In particolare Obama ha puntato il dito contro l’inefficace addestramento delle truppe irachene, frutto dello smantellamento di quel che fu l’esercito di Saddam Hussein. E se per Ash Carter, segretario alla Difesa Usa, l’inettitudine dell’esercito iracheno è stata la responsabile della caduta in mano all’Isis di Ramadi a metà maggio, sono in pochi quelli che dentro le stanze dei bottoni statunitensi fanno ammenda. Obama si è limitato a dire che Washington preparerà nuovi piani per “avere truppe irachene addestrate, fresche, ben equipaggiate e concentrate”. E che tenterà di allargarsi alla comunità sunnita che, nonostante i proclami di Usa e Iraq, continua a non essere inclusa nell’ampio fronte interno anti-Isis.
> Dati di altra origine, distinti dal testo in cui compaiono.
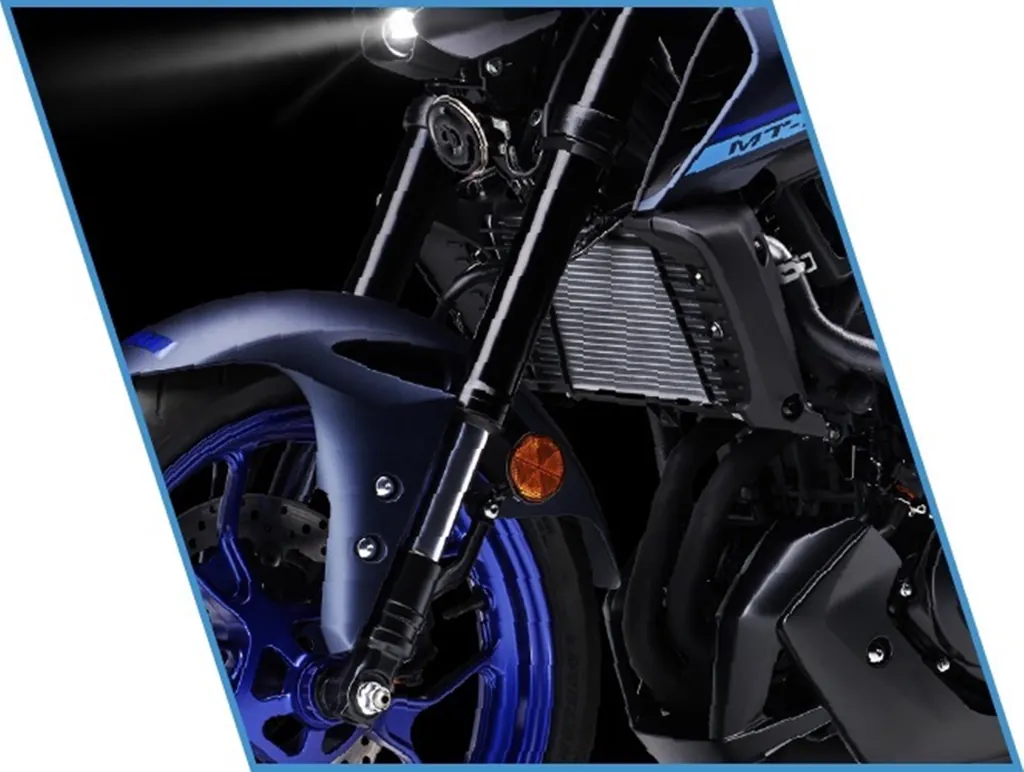 Yamaha Mt 03 photo 7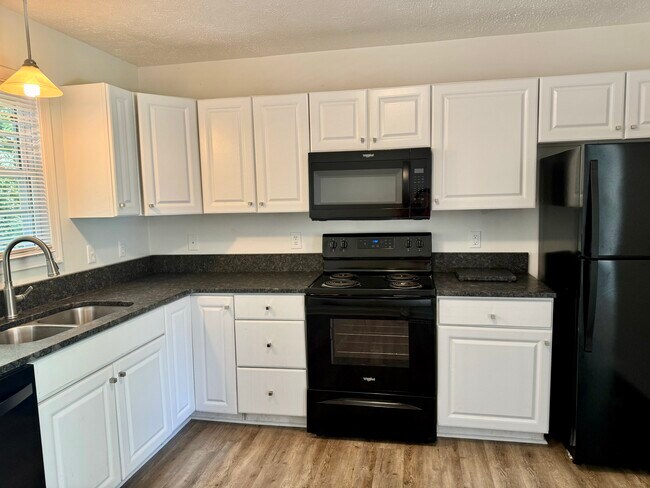 Kitchen with granite - 4907 Sycamore Pl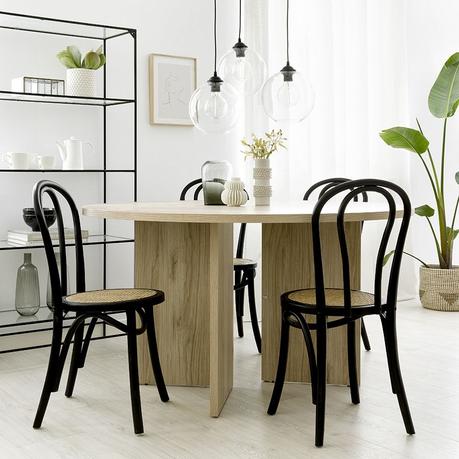 Mesa de comedor de madera de Kenay Home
Da parte sua il premier iracheno al-Abadi, anche lui presente al meeting tedesco, ha di nuovo chiesto armi e supporto militare. La risposta di Obama? Includi i sunniti. Un’impresa non facile dopo anni di marginalizzazione e la spaccatura interna alla comunità, parte della quale non disdegna la venuta dell’Isis (visto come lo strumento per far cadere il governo sciita) e parte della quale, al contrario, si è armata da sola per resistere all’offensiva jihadista.

Eppure fu proprio l’amministrazione di Washington ad imporre il governo Maliki – il predecessore di al-Abadi, divisivo e accentratore – e ad epurare della componente sunnita e pro-Saddam l’esercito e le istituzioni.

Di chi sia la colpa, resta il fatto che è trascorso un anno dalla presa di Mosul da parte dell’Isis, partito dalla seconda città irachena per occupare un terzo dell’Iraq e quasi metà della Siria. E dopo un anno nessuno è in grado di disegnare una strategia militare e politica contro un gruppo che – secondo la Cia – è composto da 30mila uomini? Una strategia non esiste perché l’approccio Usa si fonda sull’utilizzo dei soli raid aerei, non conosce più la realtà sul terreno (soprattutto in Siria, dove non possiede pezze d’appoggio, gruppi alleati forti che sappiano fornire informazioni e mettere in piedi azioni militari concrete), si ostina a chiudere al governo di Damasco e a rifiutare una qualsivolgia forma di collaborazione diretta con chi i risultati li porta a casa, l’Iran.